Victor Amos

Personal information
- Date of birth: 5 March 1999 (age 27)
- Place of birth: Abuja, Nigeria
- Height: 1.70 m (5 ft 7 in)
- Position: Striker

Team information
- Current team: Trayal Kruševac

Youth career
- 2017–2018: UFC Asokoro Abuja
- 2018–2019: Mladost Lučani

Senior career*
- Years: Team / Apps / (Gls)
- 2018–2021: Mladost Lučani / 2 / (0)
- 2021: Sloga Kraljevo / 10 / (2)
- 2022–: Trayal Kruševac / 1 / (0)

= Victor Amos =

Nigerian footballer

Victor Amos (born 5 March 1999) is a Nigerian professional footballer who plays as a striker for Serbian club Trayal Kruševac.

==Career==
Born in Abuja, he played with local academy UFC Asokoro Abuja back in Nigeria. He moved abroad during the end of 2018, when there was winter-break in most European championships, and, after a period of trials, he signed with Serbian top-league side FK Mladost Lučani.
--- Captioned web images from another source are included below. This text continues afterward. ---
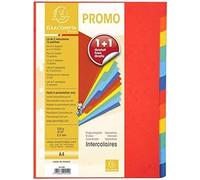 EXACOMPTA Intercalaires en carton, A4, 12 touches, promo 1+1 G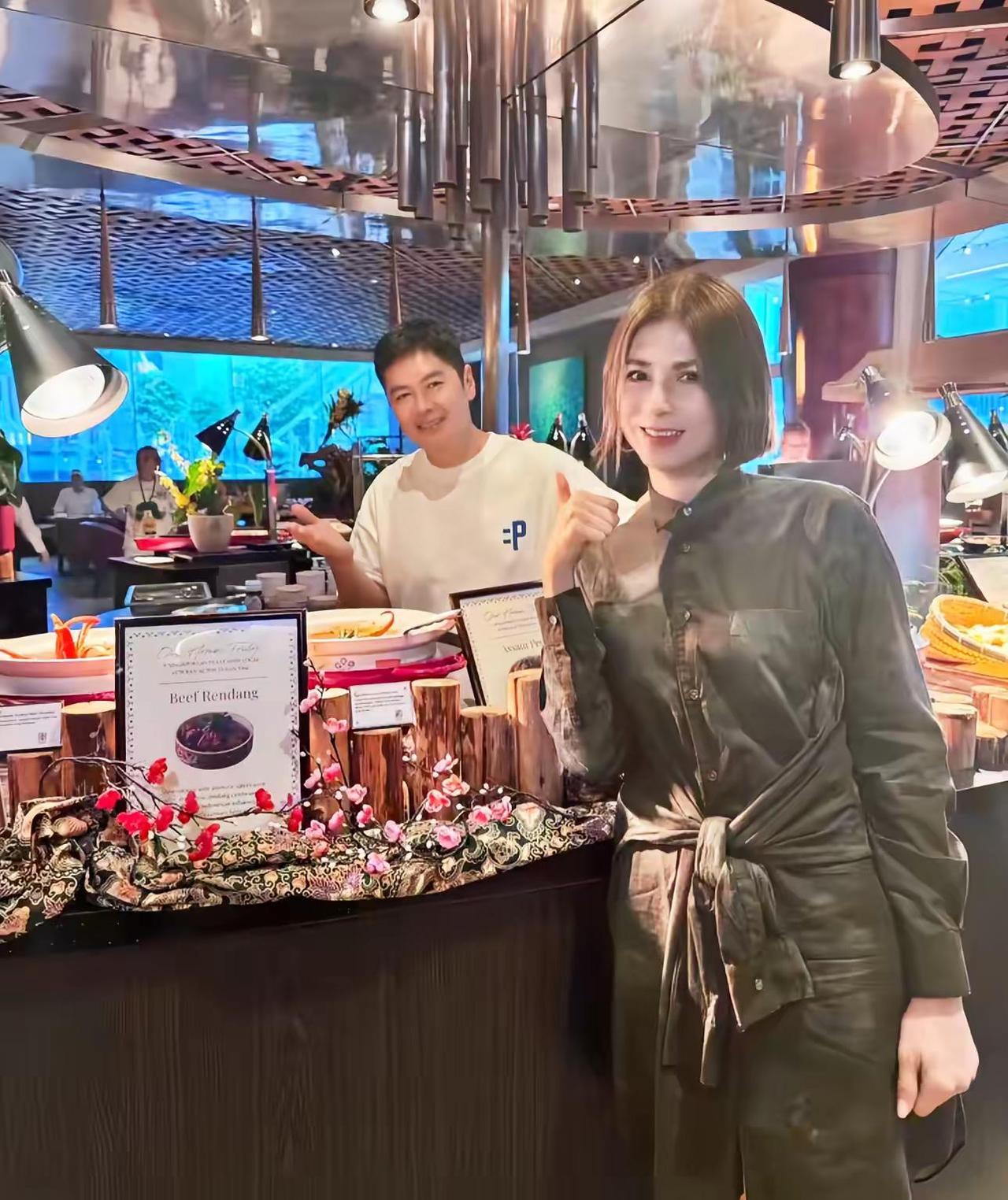 帅哥美女再次同框 李南星&潘玲玲。李南星潘玲玲赖怡伶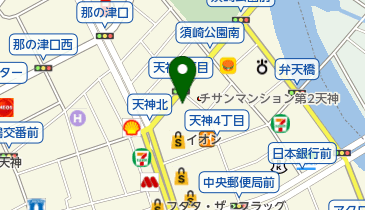 日本旅行業協会九州支部の地図画像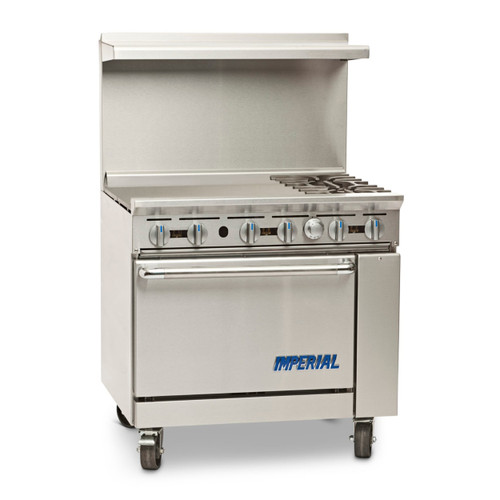 IR-2-G24 - Imperial - 36 in 2-Burner Gas Range w/ Griddle and Standard Oven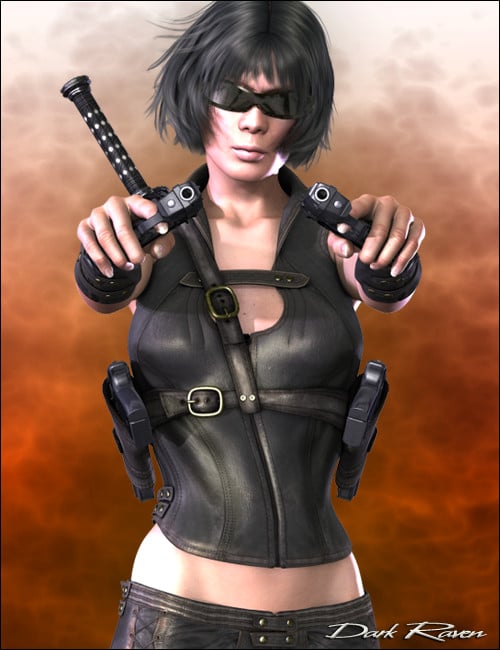 V4 Dark Raven V4 Dark Raven by: DarkStarBurningMindVision G.D.S., 3D Models by Daz 3D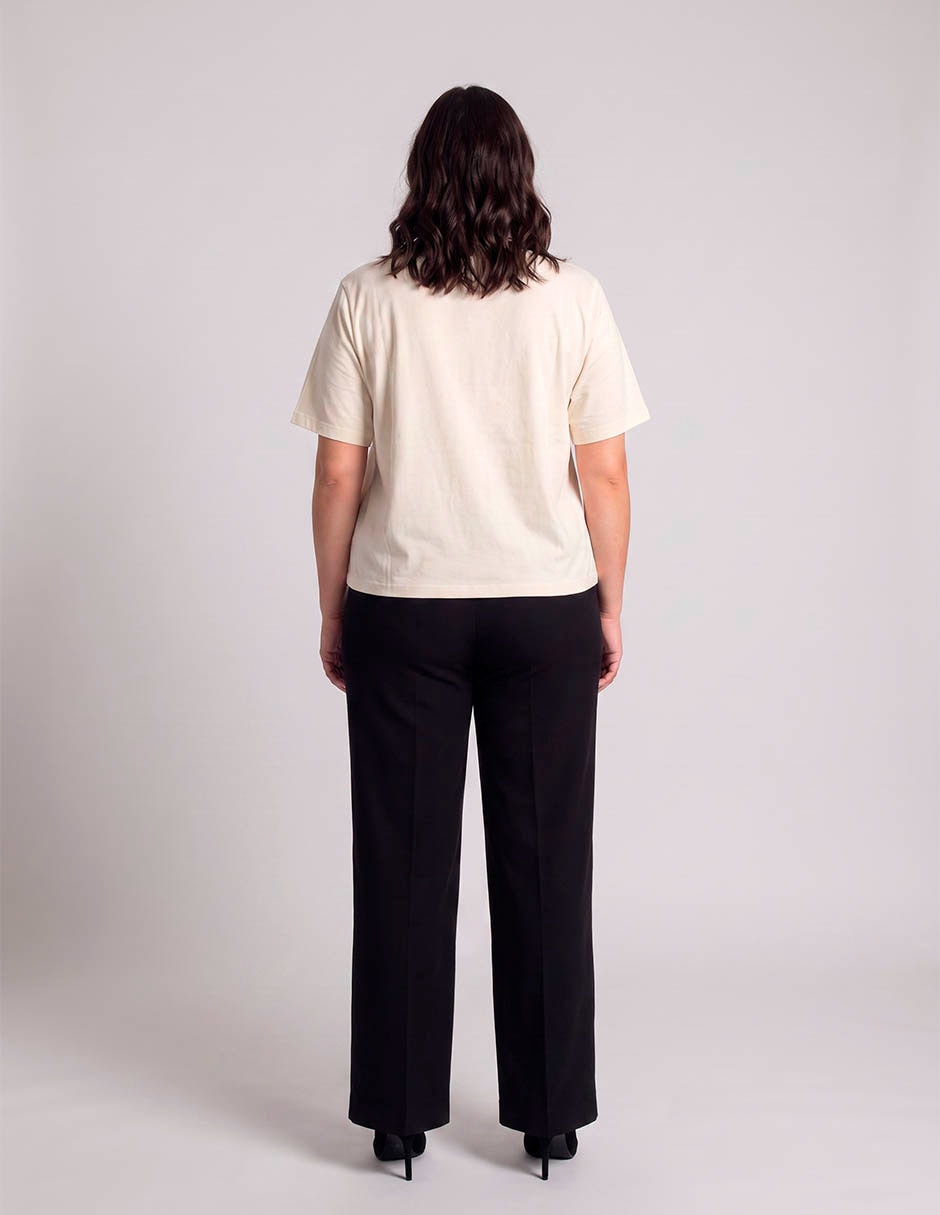 Playera manga corta cuello V para mujer mujer 2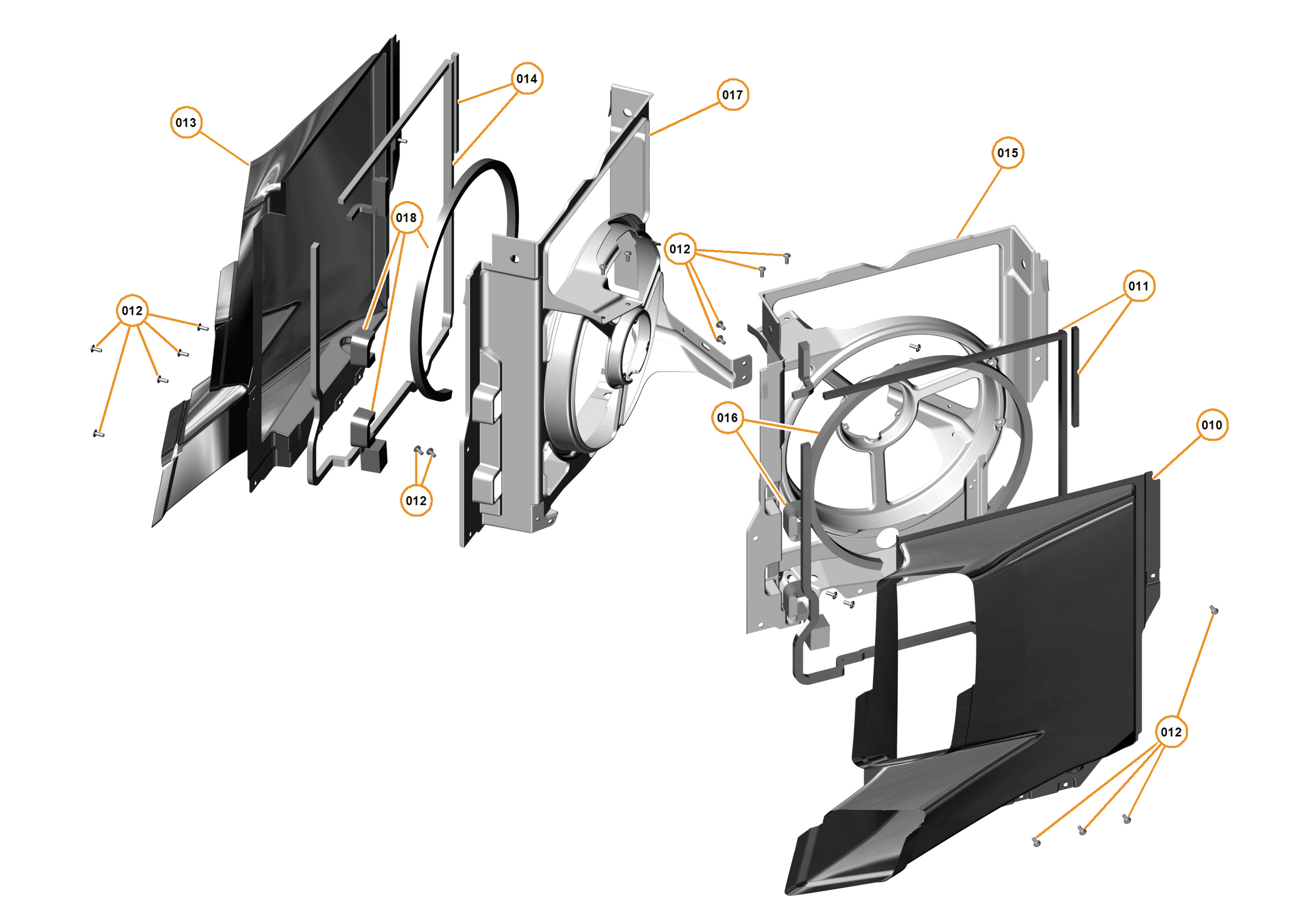 12 - DUCTS, VENTS AND FLOORS - 12.2 - SIDE DUCTS AND VENTS of McLaren McLaren Ultimate Series McLaren P1 Coupe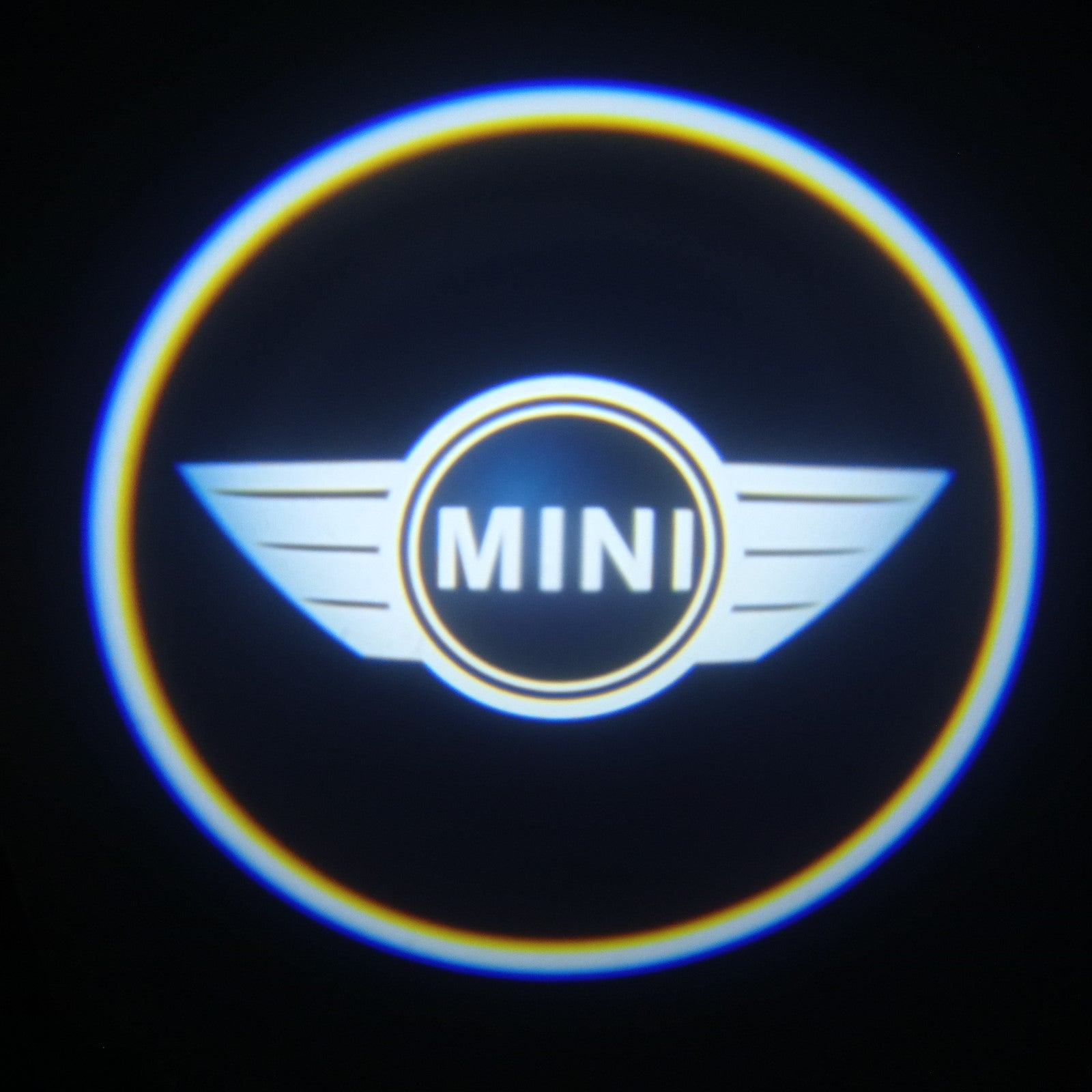 Luzes Cortesia com Logotipo marca Mini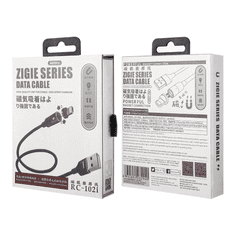 REMAX Zigie Series RC-102I USB-A apa - Lightning apa 2.0 Adat és töltőkábel - Fekete (1.2m) (RC-102I BLACK)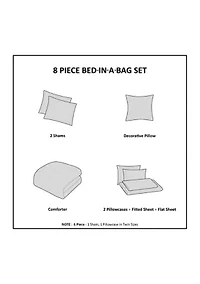 Everest Reversible Comforter Set with Bed Sheets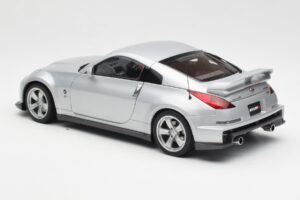 Nissan Fairlady Z Z34 NISMO Type 380RS Silver AUTOart 1:18 77401 Metall — bild 7 av 8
Despite being in the extended list of players registered for the league, due to his age, and the high competitiveness in the attacking sector of the first-team, he spent most of initial time playing for Mladost in the Serbian youth league. However, his talent and performances, along with circumstances at the time, made Mladost direction board make him debut for the first-team in an official match for the 2018–19 Serbian SuperLiga. It was on 24 November 2018, in a away defeat against Radnik Surdulica by 1–0.